Sabtu, 24 September 2016

Agama Baduy: Sunda Wiwitan



Materi Perkuliahan Sosiologi Agama, 19 Oktober 2011
[Materi asli dalam bentuk Power Point]


Apakah Ada Agama Baduy?

      Seorang lelaki berusia 60 tahunan, berpeci putih dan bersarung, di sebuah kampung Baduy Luar mengatakan bahwa ada kebiasaan di kalangan orang Banten tertentu untuk datang berziarah ke Baduy sebelum mereka naik haji. Hal yang sama juga dilakukan oleh orang-orang yang karena kemampuan ekonominya tidak dapat naik haji.
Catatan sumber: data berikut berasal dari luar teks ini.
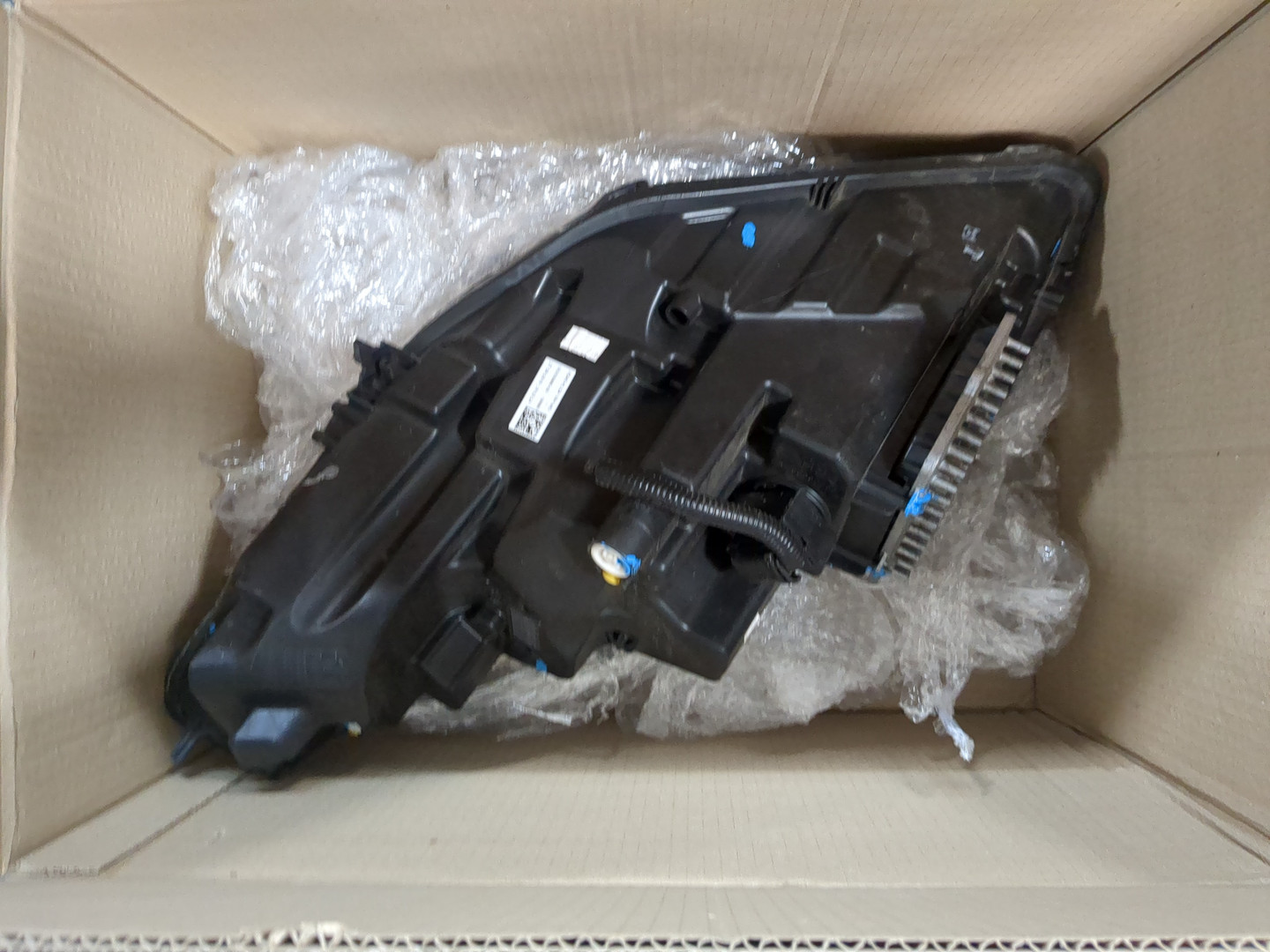 Фара правая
Mereka yang disebut terakhir ini, berharap dengan berziarah ke Baduy mereka satu waktu dapat naik haji, atau setidaknya menjadi haji kecil.

      Menjawab pertanyaan saya, lelaki yang dianggap pemuka agama Islam di sana itu mengatakan, orang Baduy kendati bukan orang Islam, namun memiliki ciri-ciri Keislaman, dan doa mereka lebih manjur, lebih didengar Tuhan. Saya tidak tahu  seberapa jauh kebenaran anggapan itu hingga beberapa bulan kemudian, seorang dosen asal Jawa meminta saya untuk menemaninya ke Baduy, karena ia akan naik haji.

      Siapakah orang Baduy? Benarkah mereka memiliki agama sendiri yang distingtif, berbeda dengan agama-agama yang diakui oleh pemerintah?


Sepintas Geografi Orang Baduy

      Masyarakat Baduy bertempat tinggal di tanah adat (ulayat) di daerah pedesaan di antara perbukitan dan pegunungan Kendeng, Banten Selatan, yakni Desa Kanekes, Kecamatan Leuwidamar, Kabupaten Lebak, Propinsi Banten. Letak Desa Kanekes sekitar 17 kilometer sebelah selatan kota Kecamatan Leuwidamar. Sekitar 38 kilometer sebelah selatan kota Kabupaten Lebak. Sekitar 65 kilometer sebelah selatan Ibu kota Propinsi Banten. Dan, sekitar 172 kilometer sebelah barat Ibu kota Jakarta.

      Luas desa ini 5.101,85 hektar yang terdiri dari pemukiman masyarakat (2.101,85 hektar) dan hutan lindung mutlak (taneuh larangan) seluas 3.000 hektar, yang menempatkannya  sebagai wilayah desa terluas dibanding rata-rata desa di Banten.

      Masyarakat Baduy berjumlah 10.879 jiwa, laki-laki 5.465 jiwa dan perempuan 5.414 jiwa, (Data Sensus Penduduk Desa Kanekes Pebruari 2008) dengan pertumbuhan penduduk sebesar 1.79 % per tahun. Seiring pertumbuhan warga yang pesat, perubahan lahan tempat tinggal (teritorial) pun terus menerus berkembang meluas.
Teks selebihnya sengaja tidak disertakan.